PROVIDED DATA »
● ● ●

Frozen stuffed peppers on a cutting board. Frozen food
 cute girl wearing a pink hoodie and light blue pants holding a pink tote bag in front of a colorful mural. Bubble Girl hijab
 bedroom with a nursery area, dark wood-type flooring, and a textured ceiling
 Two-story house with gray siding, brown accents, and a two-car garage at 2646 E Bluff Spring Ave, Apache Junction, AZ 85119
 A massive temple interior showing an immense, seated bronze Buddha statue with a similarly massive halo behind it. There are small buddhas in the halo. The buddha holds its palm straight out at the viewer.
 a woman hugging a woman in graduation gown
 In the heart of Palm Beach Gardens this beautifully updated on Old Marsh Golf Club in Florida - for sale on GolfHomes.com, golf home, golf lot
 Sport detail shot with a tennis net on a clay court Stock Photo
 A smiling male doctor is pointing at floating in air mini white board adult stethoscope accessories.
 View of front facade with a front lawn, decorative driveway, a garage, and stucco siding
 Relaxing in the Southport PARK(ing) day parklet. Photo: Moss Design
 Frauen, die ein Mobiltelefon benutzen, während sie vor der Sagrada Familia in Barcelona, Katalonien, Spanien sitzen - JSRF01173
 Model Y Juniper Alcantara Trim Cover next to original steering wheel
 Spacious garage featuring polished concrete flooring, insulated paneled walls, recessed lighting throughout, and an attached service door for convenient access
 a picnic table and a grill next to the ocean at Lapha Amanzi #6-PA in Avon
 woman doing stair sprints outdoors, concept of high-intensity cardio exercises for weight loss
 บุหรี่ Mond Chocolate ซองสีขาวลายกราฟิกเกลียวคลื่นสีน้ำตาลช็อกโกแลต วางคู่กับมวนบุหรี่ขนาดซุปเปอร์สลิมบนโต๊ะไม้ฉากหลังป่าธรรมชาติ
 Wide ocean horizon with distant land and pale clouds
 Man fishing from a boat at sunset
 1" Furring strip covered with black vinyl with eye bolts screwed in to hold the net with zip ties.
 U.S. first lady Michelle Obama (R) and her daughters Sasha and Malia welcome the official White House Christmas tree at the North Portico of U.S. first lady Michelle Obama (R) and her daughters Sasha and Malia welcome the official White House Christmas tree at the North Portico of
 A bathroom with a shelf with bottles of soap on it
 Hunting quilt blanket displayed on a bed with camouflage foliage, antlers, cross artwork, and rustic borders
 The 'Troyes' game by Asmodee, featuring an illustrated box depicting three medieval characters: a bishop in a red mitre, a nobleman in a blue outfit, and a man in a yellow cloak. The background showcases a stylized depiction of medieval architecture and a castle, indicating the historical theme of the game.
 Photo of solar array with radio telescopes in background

● ● ●

EXERCISE PROMPT » Please make your reply exactly the lines from the one containing "Man fishing from a boat at sunset" through the end of the entries above, and nothing more.

PROBLEM SOLUTION »
 Man fishing from a boat at sunset
 1" Furring strip covered with black vinyl with eye bolts screwed in to hold the net with zip ties.
 U.S. first lady Michelle Obama (R) and her daughters Sasha and Malia welcome the official White House Christmas tree at the North Portico of U.S. first lady Michelle Obama (R) and her daughters Sasha and Malia welcome the official White House Christmas tree at the North Portico of
 A bathroom with a shelf with bottles of soap on it
 Hunting quilt blanket displayed on a bed with camouflage foliage, antlers, cross artwork, and rustic borders
 The 'Troyes' game by Asmodee, featuring an illustrated box depicting three medieval characters: a bishop in a red mitre, a nobleman in a blue outfit, and a man in a yellow cloak. The background showcases a stylized depiction of medieval architecture and a castle, indicating the historical theme of the game.
 Photo of solar array with radio telescopes in background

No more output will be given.